Второй роман отличается от первого; он в меньшей мере сатирический; здесь все серьезнее. Это история про попадание на «тот свет», про отключение структур сознания, фильтрующих реальные события от посмертных галлюцинаций. Об умирании «реального». «Похождения Вани Житного» вообще представляют собой каталог удивительного; но даже на фоне всех здешних чудес выделяется финал – появление Нави и Адинапетс, двойников-ведогоней, сюжетной рифмы к двойникам – двойная жизнь кое-кого из родственников, неприятная семейная тайна в основе всего (как, собственно, и бывает всегда в мифологии). Дикий, страшный, не мыслимый ни в какой сказке финал переформатирует уже-прочитанное, переписывает в голове файл «похождение» заново, задним числом. Долгая жизнь на дереве, в гнезде, теперь понятно, это все замедление, ретардация после шока – это просто потому, что они-таки умерли уже, это только приключения их душ, двойников. Мы ощущаем, что с ними что-то не так, они отторгнутые, отверженные.
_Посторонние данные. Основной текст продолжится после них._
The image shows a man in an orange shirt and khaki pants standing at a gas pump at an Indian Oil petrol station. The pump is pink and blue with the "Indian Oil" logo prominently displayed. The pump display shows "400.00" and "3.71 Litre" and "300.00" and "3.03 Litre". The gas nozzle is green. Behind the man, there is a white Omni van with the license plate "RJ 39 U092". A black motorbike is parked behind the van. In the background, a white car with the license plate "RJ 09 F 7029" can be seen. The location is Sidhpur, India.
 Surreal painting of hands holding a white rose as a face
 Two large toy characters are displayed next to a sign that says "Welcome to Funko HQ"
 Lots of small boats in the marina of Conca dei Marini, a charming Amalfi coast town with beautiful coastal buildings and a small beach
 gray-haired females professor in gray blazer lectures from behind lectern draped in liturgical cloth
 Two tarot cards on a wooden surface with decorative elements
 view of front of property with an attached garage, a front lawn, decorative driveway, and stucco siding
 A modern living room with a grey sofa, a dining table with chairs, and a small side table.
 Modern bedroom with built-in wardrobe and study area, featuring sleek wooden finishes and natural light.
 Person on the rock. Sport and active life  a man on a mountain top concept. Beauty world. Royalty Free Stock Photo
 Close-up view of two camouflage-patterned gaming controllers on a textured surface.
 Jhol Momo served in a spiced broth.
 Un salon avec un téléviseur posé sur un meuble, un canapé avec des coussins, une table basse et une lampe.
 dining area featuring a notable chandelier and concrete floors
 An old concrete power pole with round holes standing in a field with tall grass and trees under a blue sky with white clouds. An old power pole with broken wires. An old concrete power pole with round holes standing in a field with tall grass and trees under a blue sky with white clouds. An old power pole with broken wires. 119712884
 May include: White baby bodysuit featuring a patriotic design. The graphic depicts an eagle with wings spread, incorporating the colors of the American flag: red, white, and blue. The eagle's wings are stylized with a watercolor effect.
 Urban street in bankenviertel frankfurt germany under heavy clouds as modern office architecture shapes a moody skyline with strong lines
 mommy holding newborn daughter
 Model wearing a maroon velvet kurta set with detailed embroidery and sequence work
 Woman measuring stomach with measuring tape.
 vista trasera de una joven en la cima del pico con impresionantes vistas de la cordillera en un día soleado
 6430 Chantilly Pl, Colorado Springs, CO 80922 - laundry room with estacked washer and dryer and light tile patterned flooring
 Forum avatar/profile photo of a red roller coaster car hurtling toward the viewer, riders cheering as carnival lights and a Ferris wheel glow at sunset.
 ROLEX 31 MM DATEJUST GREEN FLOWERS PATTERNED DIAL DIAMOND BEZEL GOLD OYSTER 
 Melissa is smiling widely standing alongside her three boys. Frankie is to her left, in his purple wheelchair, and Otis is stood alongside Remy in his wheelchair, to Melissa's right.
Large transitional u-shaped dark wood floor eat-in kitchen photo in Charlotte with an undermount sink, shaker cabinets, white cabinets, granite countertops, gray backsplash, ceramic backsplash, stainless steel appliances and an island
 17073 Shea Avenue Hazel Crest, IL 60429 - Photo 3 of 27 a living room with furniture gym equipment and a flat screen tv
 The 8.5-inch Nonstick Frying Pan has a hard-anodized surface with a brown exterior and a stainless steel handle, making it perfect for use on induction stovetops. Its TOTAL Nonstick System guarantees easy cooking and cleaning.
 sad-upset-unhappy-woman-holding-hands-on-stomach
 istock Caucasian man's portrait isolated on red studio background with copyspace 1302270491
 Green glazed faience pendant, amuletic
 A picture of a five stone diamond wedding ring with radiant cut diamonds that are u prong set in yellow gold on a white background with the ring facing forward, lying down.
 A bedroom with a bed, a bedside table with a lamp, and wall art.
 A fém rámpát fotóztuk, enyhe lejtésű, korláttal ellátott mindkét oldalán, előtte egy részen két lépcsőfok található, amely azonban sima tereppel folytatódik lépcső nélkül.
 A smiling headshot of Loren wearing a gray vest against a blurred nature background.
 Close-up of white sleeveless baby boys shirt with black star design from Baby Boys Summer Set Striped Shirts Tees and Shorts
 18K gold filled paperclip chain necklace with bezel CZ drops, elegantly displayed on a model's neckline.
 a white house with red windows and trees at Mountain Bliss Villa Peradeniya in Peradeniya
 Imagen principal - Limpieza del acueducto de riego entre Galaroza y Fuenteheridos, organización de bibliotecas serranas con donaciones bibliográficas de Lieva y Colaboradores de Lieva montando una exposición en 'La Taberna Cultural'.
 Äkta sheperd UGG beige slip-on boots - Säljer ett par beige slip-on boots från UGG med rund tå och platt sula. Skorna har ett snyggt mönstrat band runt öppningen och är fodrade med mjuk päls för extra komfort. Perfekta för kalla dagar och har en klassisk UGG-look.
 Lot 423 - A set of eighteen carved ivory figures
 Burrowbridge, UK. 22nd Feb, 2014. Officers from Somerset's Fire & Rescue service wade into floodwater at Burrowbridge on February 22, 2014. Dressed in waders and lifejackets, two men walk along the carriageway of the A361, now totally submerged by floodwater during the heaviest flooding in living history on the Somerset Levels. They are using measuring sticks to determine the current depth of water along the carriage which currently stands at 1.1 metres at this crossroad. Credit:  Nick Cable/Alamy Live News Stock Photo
Теперь ясно, что это история про смерть, физическое уничтожение, прекращение существования, точку невозврата; история, объясняющая, что такое «никогда» и «ничто» (то есть объяснить это невозможно, разве что дать почувствовать). Про искусственно растянувшийся момент между «сейчас» и «никогда», про точку, в которой исчезает время. Про отношения «яви» с «навью», про неотвратимость судьбы. Про то, что отвергнутая от тела душа может чувствовать нечто такое, что недоступно рациональному познанию. Про «переходный возраст», да, – только не из детства во взрослую жизнь, а – от бытия к небытию.